Member of Parliament for York East
- In office 14 October 1935 – 17 June 1962
- Preceded by: Riding created
- Succeeded by: Steve Otto

Member of Parliament for York South
- In office 14 September 1926 – 13 October 1935
- Preceded by: William Findlay Maclean
- Succeeded by: Earl Lawson

Personal details
- Born: Robert Henry McGregor 1 March 1886 Toronto, Ontario, Canada
- Died: 25 January 1965 (aged 78) Toronto, Ontario, Canada
- Party: Progressive Conservative (1945-1965); National Government (1940-1945); Conservative (until 1940);
- Spouse(s): Olive Linda Moorcroft ​ ​(m. 1907; died 1926)​ Estelle Orr ​(m. 1929)​
- Children: 3
- Profession: Horticulturist

= Robert Henry McGregor =

Canadian politician

Robert Henry McGregor (1 March 1886 - 25 October 1965) was a long-time Canadian parliamentarian.

MacGregor was a contractor and horticulturalist by profession. He grew up in the Todmorden area of suburban Toronto, and was once an Elementary School student of a teacher named William Thomas Diefenbaker, father of Prime Minister John Diefenbaker.
His initial experience in politics began in 1912 when he was appointed a school trustee for York Township. Following the formation of North York Township, he eventually became the first reeve of East York. In 1922, R.H. McGregor Elementary School, located in the eventual centre of East York, was erected and named in his honour.

He was first elected to the House of Commons of Canada in the 1926 federal election and sat continuously in the chamber for thirty-six years until his defeat in the 1962 federal election when he was 79 years old.

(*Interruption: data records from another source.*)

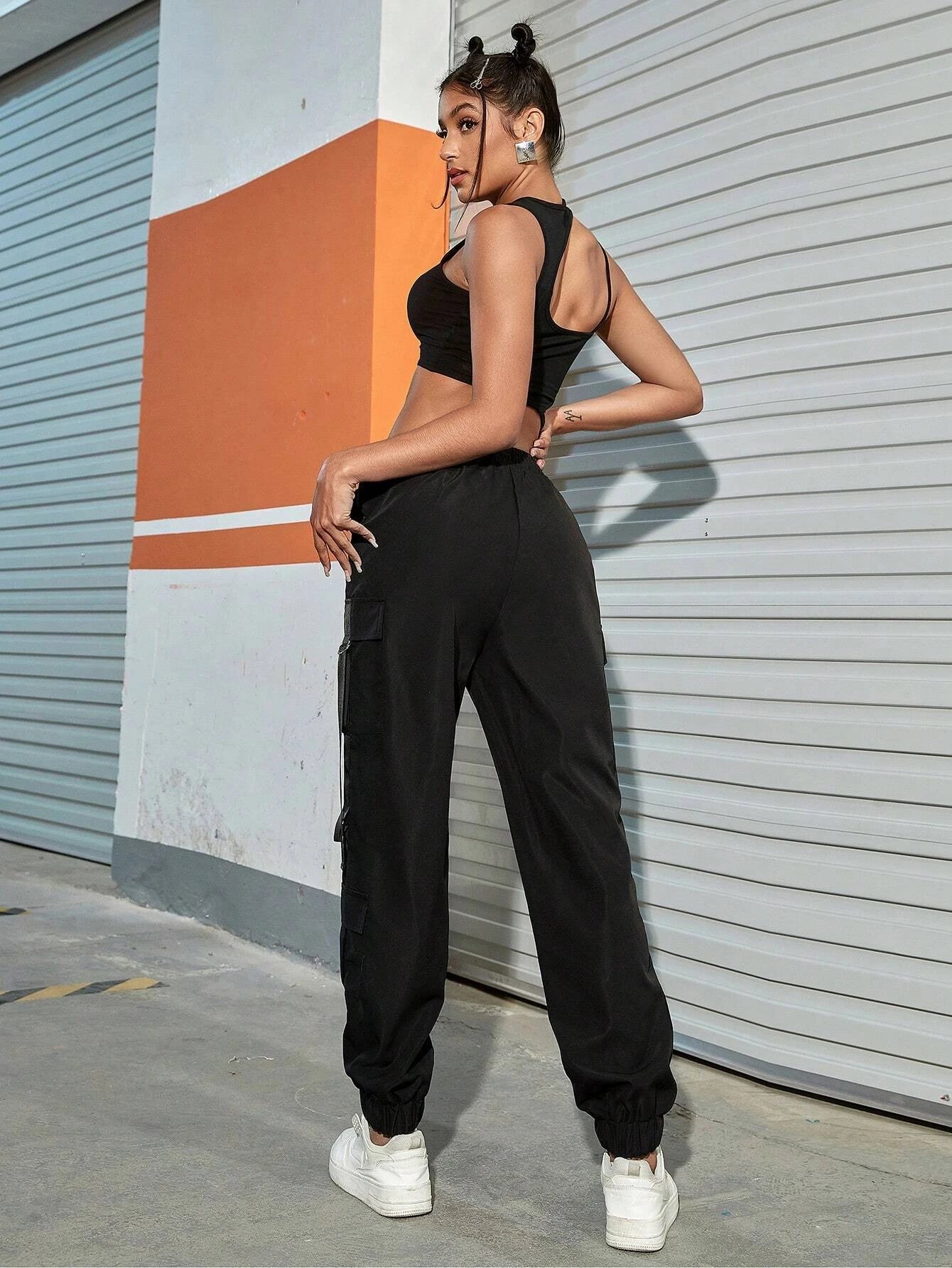 Relaxed Drawstring Cargo Pant – back view detail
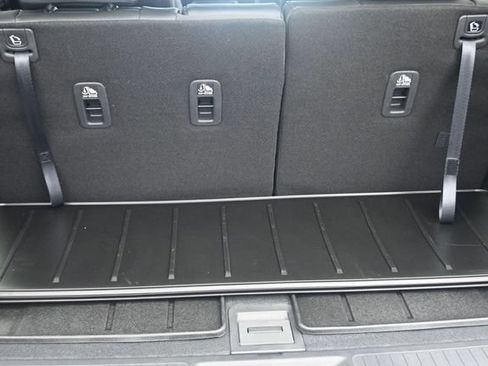 Used 2025 Honda Pilot TrailSport image 20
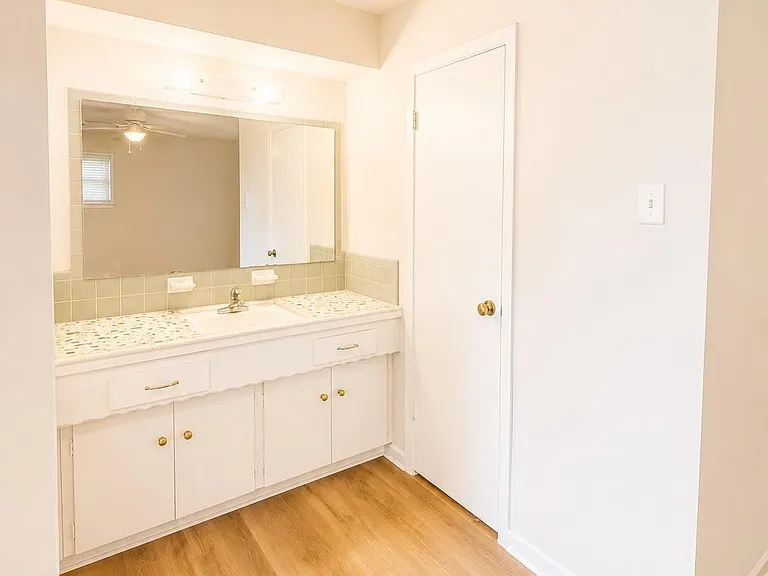 10223 Knoboak Dr — Photo 12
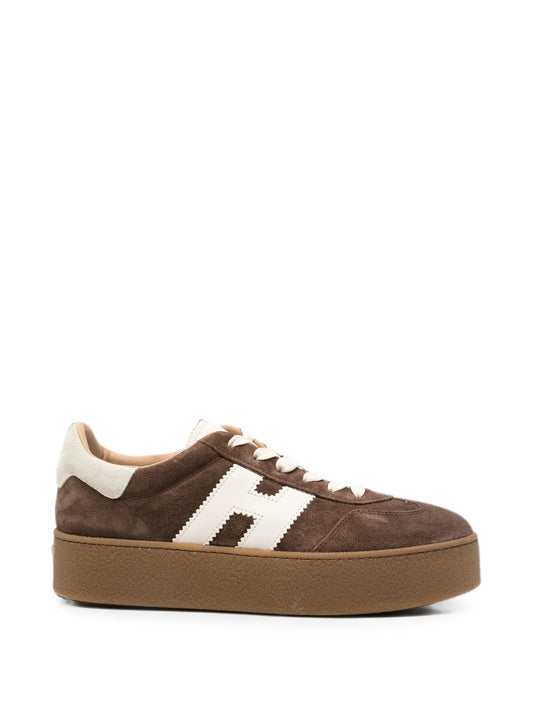 H698 logo-patch sneakers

Originally elected as the Conservative Member of Parliament for York South, he switched to the new Toronto riding of York East when it was created for the 1935 federal election. He won election a total of eight consecutive times and was Dean of the House of Commons being its longest-serving member in the last years of his career.

Despite his long tenure in the House of Commons he spoke rarely and was nicknamed "Silent Bob" McGregor. His only recorded Parliamentary speech occurred when being feted in the House on his 74th birthday. On that occasion he remarked "If a good many hon. Members made fewer speeches in the House, they would be here longer."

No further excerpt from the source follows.